The fact is that Syria made substantial efforts to check the flow of illicit traffic across its border. Sadly, this task has proven far too expensive and far too demanding for a country whose gross domestic product is less than a third of America’s annual Iraq-war budget. One could look at the proposed fence between Mexico and Texas to understand the enormous cost and challenges of securing a barren desert border; it’s impractical, even for a country as wealthy and powerful as the USA.
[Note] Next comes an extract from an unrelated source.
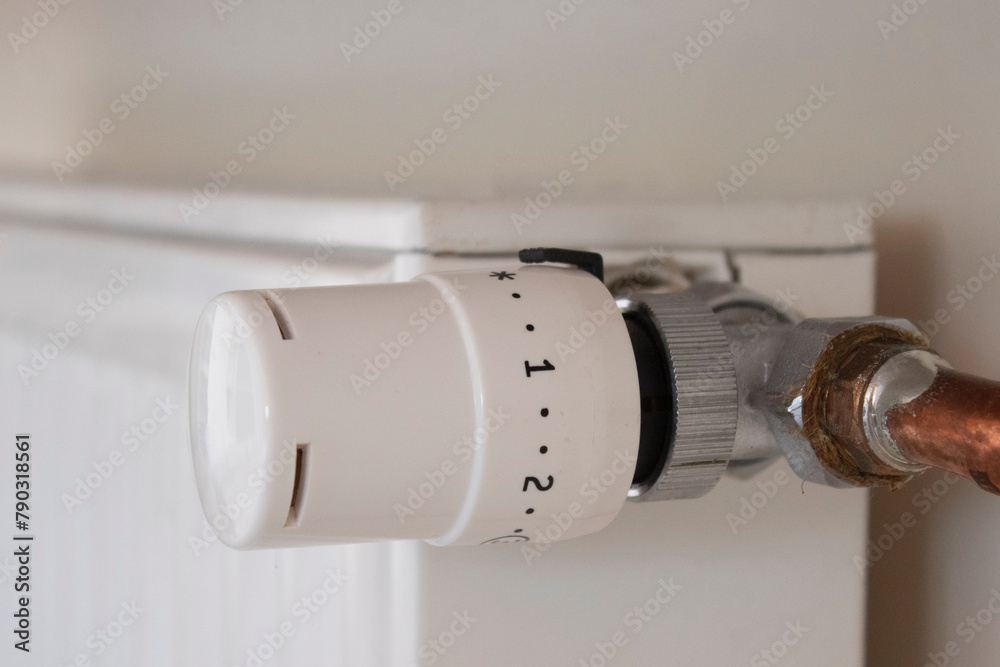 Adjusting the radiator temperature using a thermostat in an apartment with central heating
Last month, I travelled to Syria to visit my Iraqi friends who had recently fled their homes. The journey shattered my preconceptions about Syria and my ignorant notions about life as a refugee. There are no camps or tents or lines for food, just ghettos with apartments and shops where women covered in black shop for bras like everyone else. The situation seems strangely normal, except that a pervasive sense of hopelessness grips the community—nearly everyone is out of work. Above all, I was shocked when my Iraqi hosts chartered a taxi to a desert canyon village, where thousands of Syrian and Iraqi Christians celebrated the life of Saint Thecla with fireworks and whiskey (a lively combination to say the least!).
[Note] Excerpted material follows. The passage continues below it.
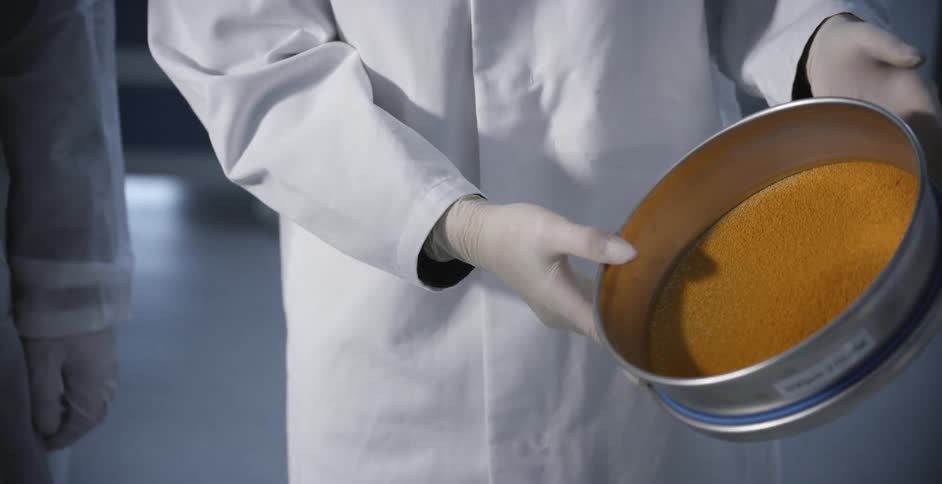 A scientist in a lab holds and tilts a canister with orange particles in it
The Syrian economy is in shambles. But aside from the country’s obvious problem (cutting off its own invisible hand with isolationism), Syria also shoulders the burden of America’s war. Since the fighting began in 2003, roughly one million Iraqis have fled to Syria, most of whom have taken up residence in the ghettos of Damascus. To put things in perspective, if the USA were to absorb the same percentage of refugees that Syria has accommodated, then 17 million refugees would be eating, sleeping and competing for jobs in America!
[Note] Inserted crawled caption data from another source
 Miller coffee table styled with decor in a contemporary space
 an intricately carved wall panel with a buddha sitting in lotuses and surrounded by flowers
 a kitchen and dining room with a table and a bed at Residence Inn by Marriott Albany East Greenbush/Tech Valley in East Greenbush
The following photographs were taken during the author’s trip to Syria. "These snapshots revealed to me a human side of the Iraqi refugee problem that I never would have predicted from the reports of mainstream media,” Brownfield says. The journey shattered my preconceptions of what it means to live in Syria and to be a refugee from Iraq."
Click image to view media gallery.

![]()













The saddest part of this story was reported by AP yesterday that 4 of the 8 dead were children. What price "victory"?
Thank you.
As a first time user, your comment has been submitted for review. It can take anywhere from a few hours to a day or two for your comment to be reviewed, depending on the time of week and the volume of comments we receive.
Please log in to leave comments.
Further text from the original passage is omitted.